2

I would like to know how I can populate a column in a data.frame or data.table based on the value of other columns.

for example:

data.table(a = c(1:5), b = c(5:1), c = rep("",5))
 a b c
 1 5  
 2 4  
 3 3  
 4 2  
 5 1  

I want to populate c to:

  • indicate "More" if "a" is greater than "b"
  • "Less" if "a" is less than "b"
  • "Equal if they are equal

as below:

a b c
1 5 "Less" 
2 4 "Less" 
3 3 "Equal"
4 2 "More"
5 1 "More"

I know that this can be done through a for loop with multiple if statements, but I have a very large data set and I would like to do this using the "Apply" family of functions.

Any help would be greatly appreciated.

Ayelavan
  • 933
  • 1
  • 8
  • 10
  • 2
    Possible duplicate of [Nested ifelse statement in R](http://stackoverflow.com/questions/18012222/nested-ifelse-statement-in-r) – shrgm May 16 '16 at 05:35
  • Using `apply` would again invite for nested `ifelse`. Not sure if there is another way to use `apply` . `apply(df, 1, function(x) ifelse(x[1] > x[2], "More", ifelse(x[1] < x[2], "Less", "Equal")))` – Ronak Shah May 16 '16 at 05:37
  • The `apply` option mentioned above is not needed as it is a data.table. Also, looping through rows and using `ifelse` is highly inefficient. I already posted some efficient methods on my solution. – akrun May 16 '16 at 05:40
  • exactly.

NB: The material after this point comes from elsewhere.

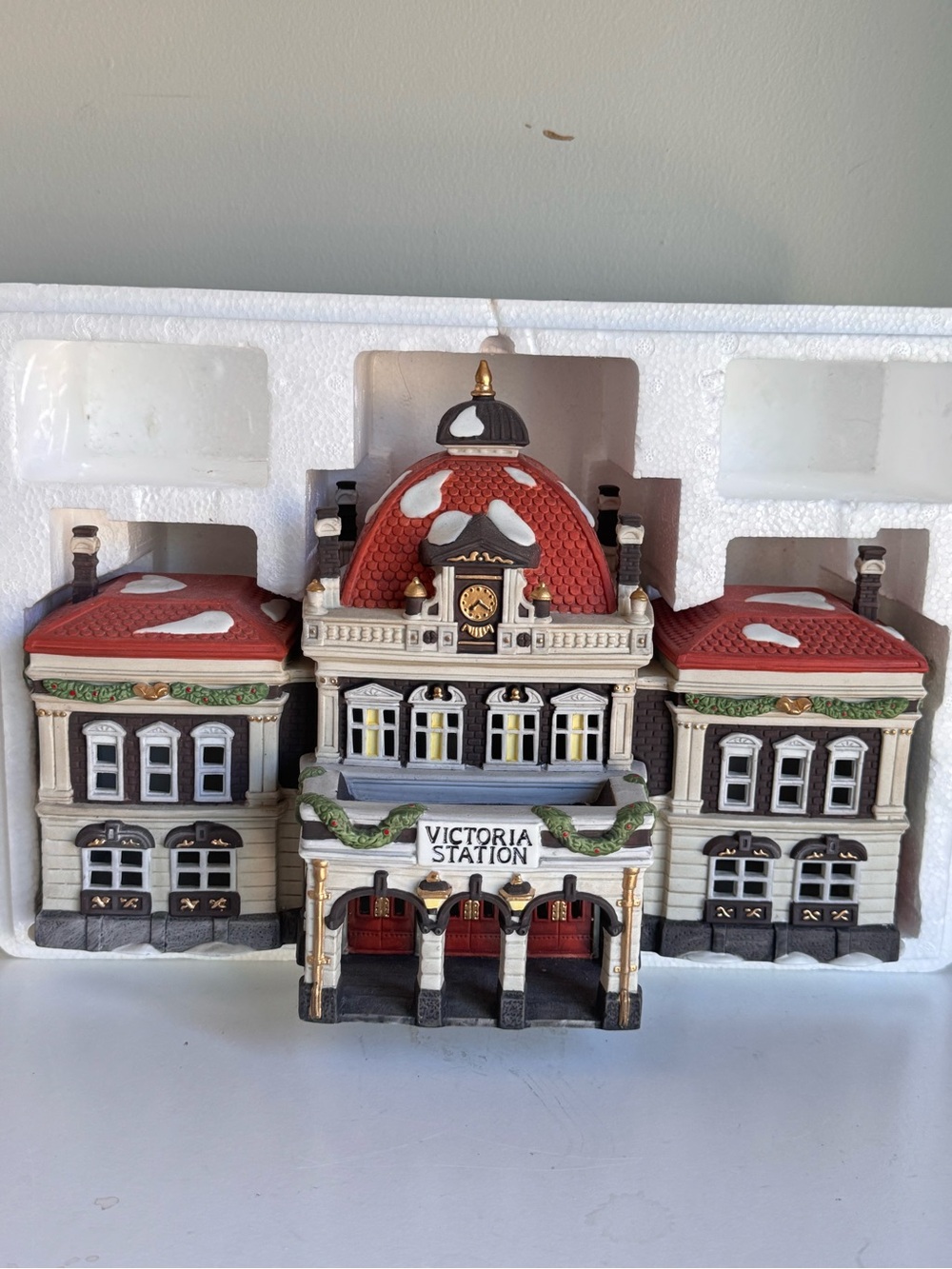 Vintage Retired 1989 Dept 56 Dickens Village Series Victoria Station #5574-3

Just wanted to clarify why OP insisted on using `apply` – Ronak Shah May 16 '16 at 05:44

2 Answers2

4

Here's one that seems bizarrely efficient by my testing, and is not overly complex:

dt1[, c := c("less","equal","more")[max.col(setDT(.(a < b, a==b, a > b)))] ]

Another option using interaction which is about as good as I can do in simplification of code:

dt1[, c := c("equal","less","more")[interaction(a < b, a > b)] ]

#   a b     c
#1: 1 5  less
#2: 2 4  less
#3: 3 3 equal
#4: 4 2  more
#5: 5 1  more

This works because interaction will return four possibilities for two comparisons:

  1. FALSE.FALSE = neither TRUE, which in this case means not larger or smaller, therefore equal

  2. TRUE.FALSE = first TRUE, therefore less

  3. FALSE.TRUE = second TRUE, therefore more
  4. TRUE.TRUE = both TRUE, theoretically impossible except for fringe cases below the error tolerance.
thelatemail
  • 91,185
  • 12
  • 128
  • 188
3

We can use a numeric method to create unique values based on the logical vectors (a > b and a==b), convert to factor, get the numeric storage values by converting to numeric, replace that with the elements in the vector (c("Less", "More", "Equal")) and assign (:=) it as 'c'.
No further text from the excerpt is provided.